サーバーからの余熱をサスティナブルに利用
場所を選ばず、どこからでもアクセスできるオンデマンドのクラウドコンピューティングサービスの成長は、デジタル化の主要な原動力の一つとなっています。企業には、コストの削減、セキュリティの改善、より優れた効率性と高い柔軟性をもたらすものですが、そのクラウドが依存するデータセンターは、膨大な電力を消費、また大量の熱を放出します。
ドレスデンに拠点を置くCloud&Heat Technologies社は、この余熱を地域熱供給ソリューションに転用するという、画期的かつ持続可能な方法を開発しました。革新的なサーバー用統合水冷却システムにより、プロセッサから放出される熱の90%を利用できます。

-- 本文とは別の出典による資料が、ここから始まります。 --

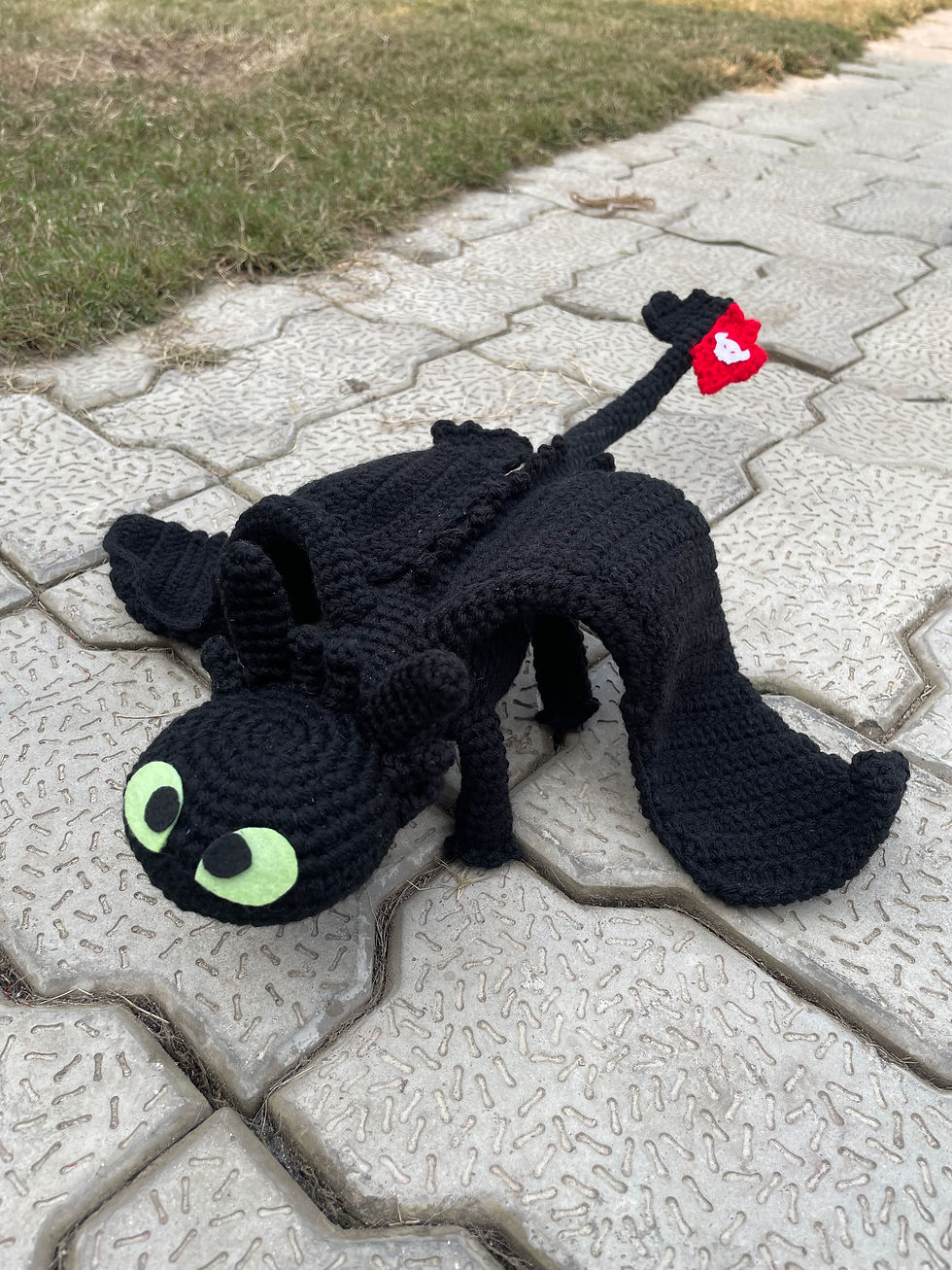 Thumbnail: Crochet How to Train Your Dragon Toothless Soft Toy Side View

Cloud&Heat社は、輸送コンテナの中でサーバーを提供しているため、大規模な地域熱供給システムと容易に統合できます。 スウェーデンの首都ストックホルムから南に位置するヨルドブロでは、スウェーデンの再生可能エネルギー会社Vattenfallが運営する熱電併給(CHP)プラントの近くに、液冷式の20フィートコンテナが2つ備えられています。このプラントでは、バイオマス発電と同時に、発生した廃熱を地域熱供給システムに送っています。Vattenfallで前戦略・ビジネスインテリジェンス部長を務めるBirger Ober氏は「熱と演算の融合」と表現するサイト内で、「サーバーはバイオマス発電によるクリーンエネルギーで稼働しています。また、サーバーから発生する熱は、同じ地域熱供給システムに供給されます。」と説明しています。
Cloud&Heat社が提供するコンテナは、屋根部分に、Güntner V-shape VARIOドライクーラーを搭載しています。では、Güntnerはどこで活躍しているのでしょうか。
Cloud&Heat社の熱設計エンジニアAnne Weisemann氏は次のように話します。「地域熱供給システムグリッドは、廃熱をすべて吸収しきれないことがあります。そこで、緊急冷却システムとしてGüntnerの技術を活用しています。」
Güntnerは同社と数年にわたり緊密に連携、乾式冷却技術だけでなく専門知識の提供も行っています。
「2018年にテストインフラストラクチャ用のドライクーラーが必要になったのですが、その際に初めてGüntnerに問い合わせました」Weisemann氏は続けます。「付属品やファン制御オプションについて助言をいただきましした。そのときのクーラーは現在も使用しています。また、腐食が起きやすい環境で使用するチューブとフィン材質も各種選定して頂きました。」
Güntnerで営業部長を務めるJan Hübnerは次のように述べています。「熱遮断はCloud&Heat社の専門分野ではなかったため、エンジニアリングの共同開発という形でサポートしました。サーバーは屋外に設置されることが多いため、様々な気象条件で使用できる柔軟性をドライクーラーに確保することが最重要課題でした。」